Percentage of marks scored in Paper A is 18/70*100 = 25.7%

Percentage of marks scored in Paper B is 14/30*100 = 46.6%

In paper B he fared well.

7.       Find the total no of divisors of 1728 (including 1 and 1728)

Ans: 28.

The number of factors of a given number N is given by a^p*b^q*c^r ….

Where a, b, c,…. Are prime numbers and (p+1)*(q+1)+(r+1)*……. are factors.

Applying the above we have 1728 = 2^6*3^3

Hence the factors are (6+1) * (3+1) = 28

8.       The sum of two numbers is 45. Sum of their quotient and reciprocal is 2.05. Find the product of the numbers.

Ans: 500

Let x and y be the numbers.

We are given that x + y = 45 (i) and (x/y) + (y/x) = 2.05 (ii)

From (ii) we have (x² + y²) / xy = 2.05. expanding

[(x+y)² – 2xy] / xy = 2.05 -> (x+y)²  = 2.05xy + 2xy = 4.05xy

(x+y) = 45. We now have  ->   45*45/ 4.05 = xy

Thus xy = 500.

9.       A number when divided by 406 leaves remainder 115. What will be the reminder if the number is divided by 29?

Ans: 28

Let the number be N and the quotient X.

Then N = 406X + 115.  Since 406 is exactly divisible by 29, to arrive at the answer

We have to divide the reminder 115 alone by 29.
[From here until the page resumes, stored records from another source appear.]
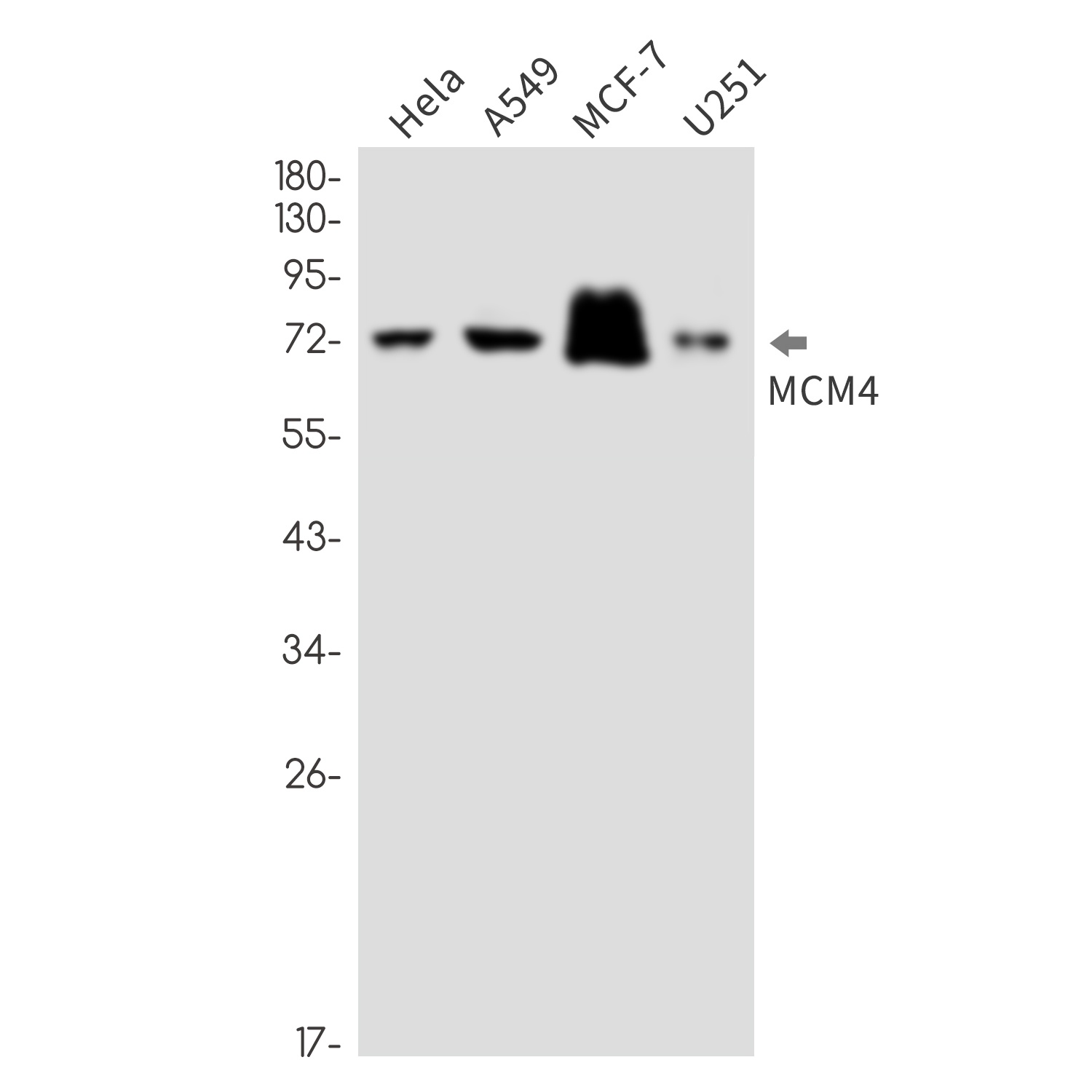 MCM4 Rabbit Monoclonal Antibody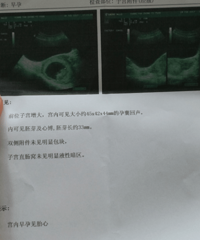 【漾子亲水馆·孕妈日记】等待九月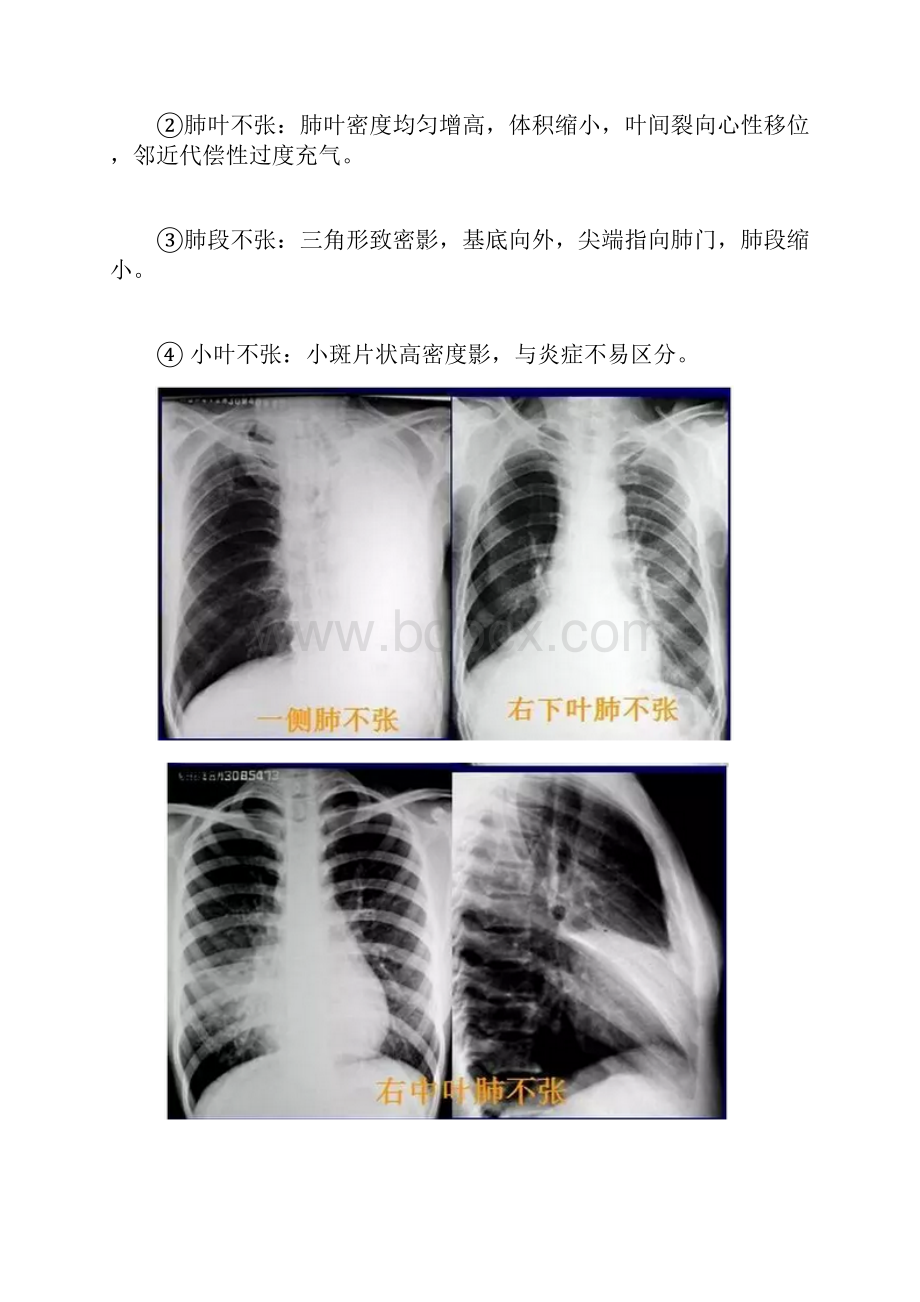 肺部常见病变的X线片总结.docx_第2页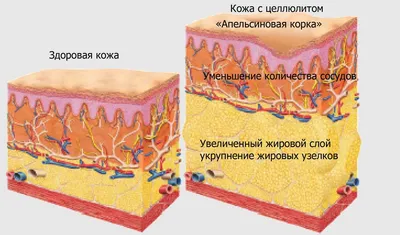 ЦЕЛЛЮЛИТ 🍊 НАЧАЛО | ВКонтакте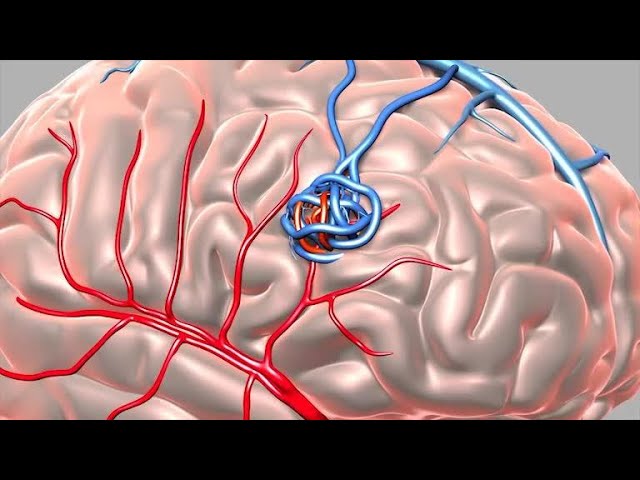 Arteriovenous Malformation (AVM)
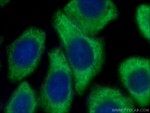 G3BP1 Antibody in Immunocytochemistry (ICC/IF)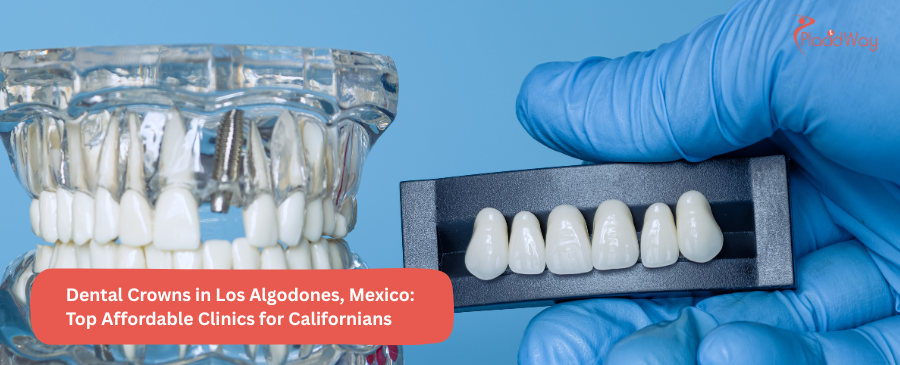 Seeking Affordable Dental Crowns in Los Algodones, Mexico?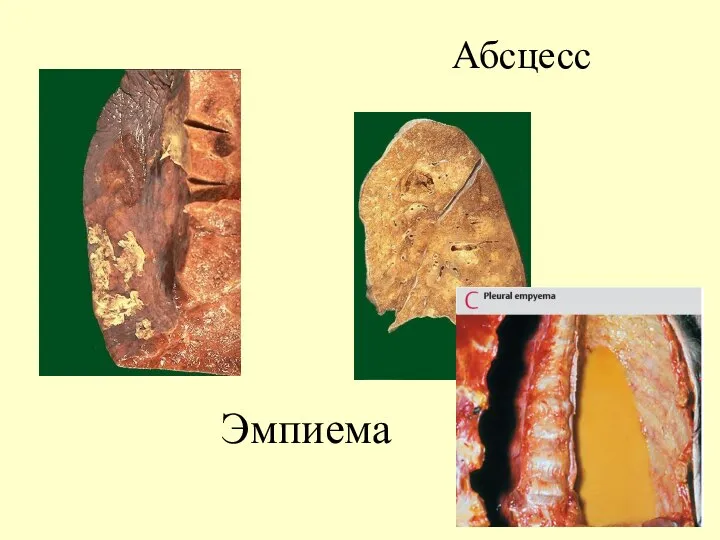 Эмпиема Абсцесс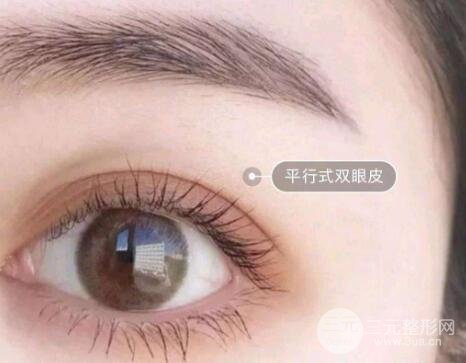 较好看的四种双眼皮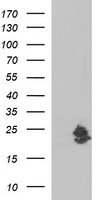 LOH12CR1 Antibody - HEK293T cells were transfected with the pCMV6-ENTRY control (Left lane) or pCMV6-ENTRY LOH12CR1 (Right lane) cDNA for 48 hrs and lysed. Equivalent amounts of cell lysates (5 ug per lane) were separated by SDS-PAGE and immunoblotted with anti-LOH12CR1.
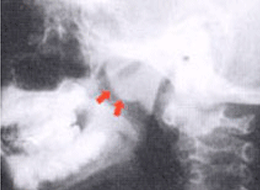 측면 방사선 촬영으로 관찰되는 
				비대한 아데노이드 소견 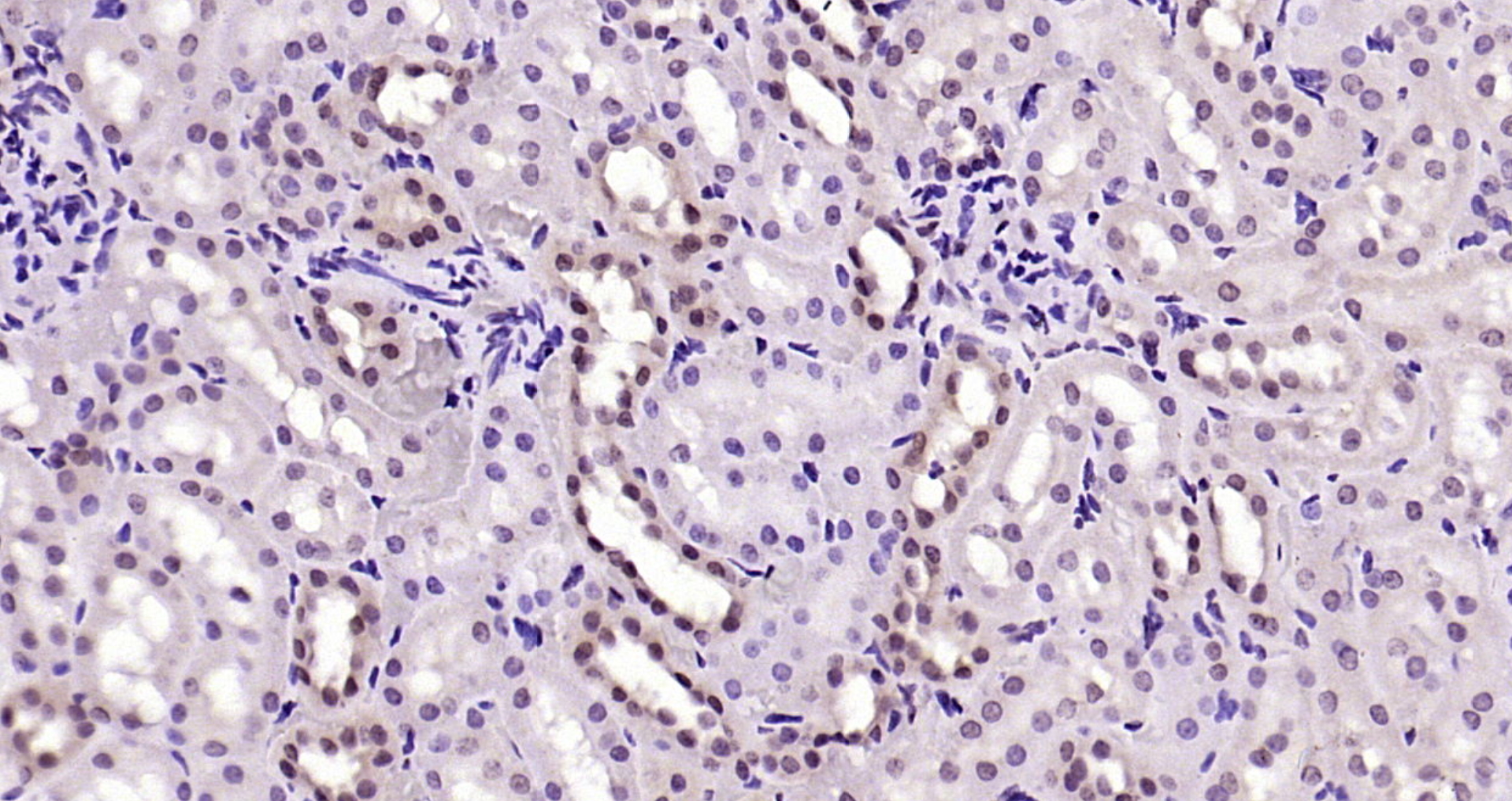 Paraformaldehyde-fixed, paraffin embedded Rat kidney; Antigen retrieval by boiling in sodium citrate buffer (pH6.0) for 15min; Block endogenous peroxidase by 3% hydrogen peroxide for 20 minutes; Blocking buffer (normal goat serum) at 37°C for 30min; Antibody incubation with AKT1(T450) (4A3) Monoclonal Antibody, Unconjugated (bsm-52131R) at 1:200 overnight at 4°C, DAB staining.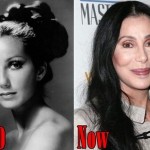 Cher before and after plastic surgery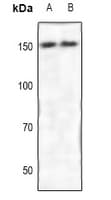 ROCK2 Antibody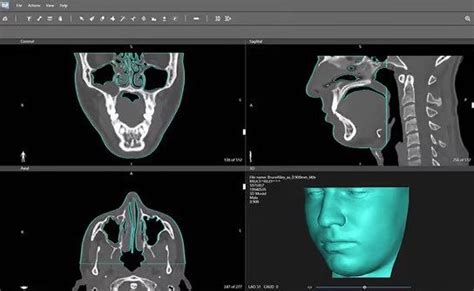3d systems enters the radiation oncology market with new vsp bolus 3d printing offering 3d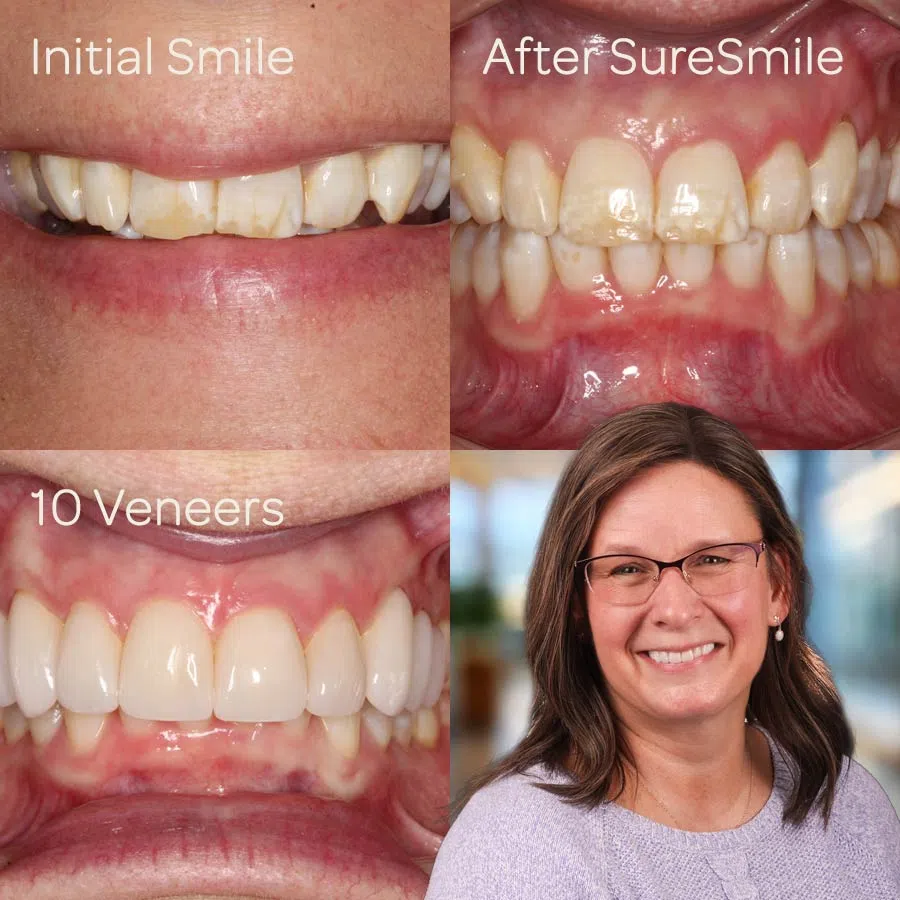 Every Smile Tells a Story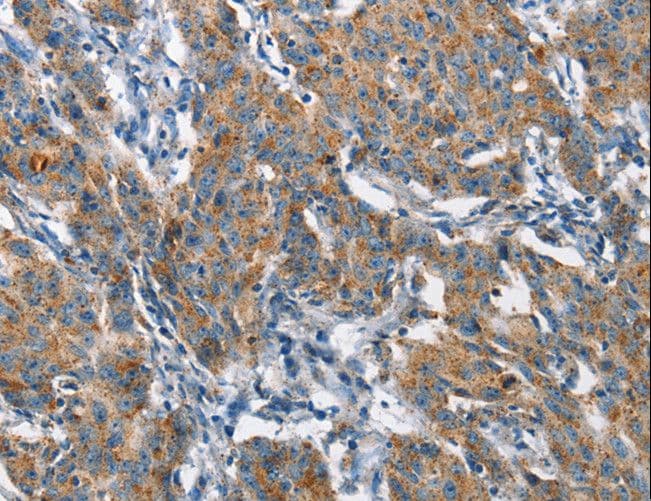 CHMP1A Antibody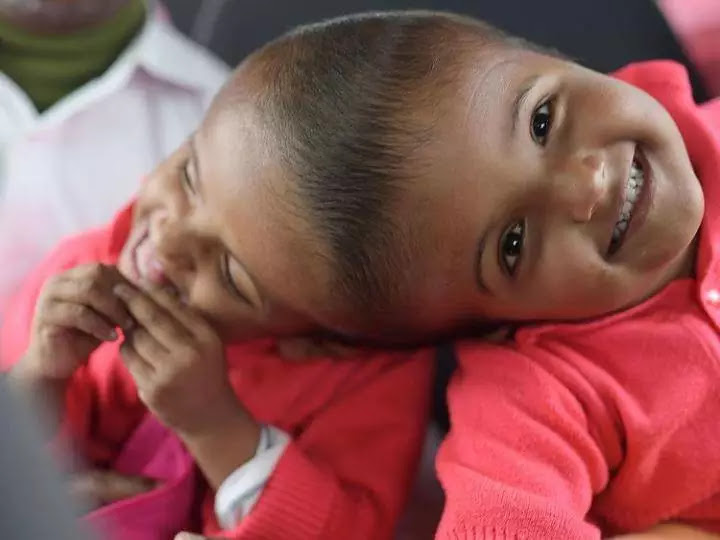 Whee!!! Conjoined Bangladeshi twins separated after 33-hour surgery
Thus 115/29 reminder is 28.

10.   The number of multiples of 10 which are less than 1000, which can be written as a sum of four consecutive integers is
(a) 50
(b)100
(c) 150
(d) 216

Ans: (a)

We can write 10 as (1 + 2 + 3 + 4) four consecutive numbers.

Now adding 5 to each of these digits we get:

6 + 7 + 8 + 9 = 30 (again consecutive four digits.)

Again adding 5 to each of the above digits we get:

11 + 12 + 13 + 14 = 50

From the above we observe that 10, 30, 50, 70 ……that are multiple of 10 have consecutive four digits.

Thus we have 50 numbers that can be written in four consecutive digits between 1 and 1000.

Please note that 20, 40, 60 …… all cannot be written through four consecutive numbers.